The Cyberlaw Podcast: Could European Privacy Law Protect American Child Molesters?
Published by The Lawfare Institute
in Cooperation With
Our interview is with Alex Stamos, who lays out a complex debate over child sexual abuse that’s now roiling Brussels. The application of European privacy standards and artificial intelligence (AI) hostility to internet communications providers has called into question the one tool that has reduced online child sex predation. Scanning for sex abuse images works well, and even scanning for signs of “grooming” is surprisingly effective. But they depend on automated monitoring of communications content, something that has come as a surprise to European lawmakers hoping to impose more regulation on American tech platforms. Left unchanged, the new European rules could make it easier to abuse children. Alex explains the rushed effort to head off that disaster—and tells us what Ashton Kutcher has to do with it (a lot, it turns out).
Meanwhile, in the news roundup, Michael Weiner breaks down the Federal Trade Commission's (FTC) (and the states’) long-awaited antitrust lawsuit against Facebook.

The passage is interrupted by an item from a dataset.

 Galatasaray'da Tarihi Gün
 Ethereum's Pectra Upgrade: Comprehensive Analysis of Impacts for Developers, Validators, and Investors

Maybe the government will come up with something as the case moves forward, but its monopolization claims don’t strike me as overwhelming. And, Mark MacCarthy points out, the likelihood that the lawsuit will do something good on the privacy front is vanishingly small.
Russia’s SVR, heir of the KGB, is making headlines with a remarkably sophisticated and well-hidden cyberespionage attack on a lot of institutions that we hoped were better at defense than they turned out to be. Nick Weaver lays out the depressing story, and Alex offers a former CISO’s perspective, arguing for a federal breach notification law that goes well beyond personal data and includes disciplined after-action reports that aren’t locked up in post-litigation gag orders. Jamil Jaffer tells us that won’t happen in Congress any time soon.
Jamil also comments on the prospects for the National Defense Authorization Act (NDAA), chock full of cyber provisions and struggling forward under a veto threat. If you’re not watching the European Parliament tie itself in knots trying to avoid helping child predators, tune in to watch American legislators tie themselves into knots trying to pass an important defense bill without drawing the ire of the President.
The Federal Communications Commission (FCC), in an Ajit Pai farewell, has been hammering Chinese telecoms companies. In one week, Jamil reports, the FCC launched proceedings to kick China Telecom out of the U.S. infrastructure, reaffirmed its exclusion of Huawei from the same infrastructure and adopted a “rip and replace” mandate for U.S. providers who still have Chinese gear in their networks.
Nick and I clash over the latest move by Apple and Google to show their contempt for US counterterrorism efforts—the banning of a location data company whose real crime was selling the data to (gasp!) the Pentagon.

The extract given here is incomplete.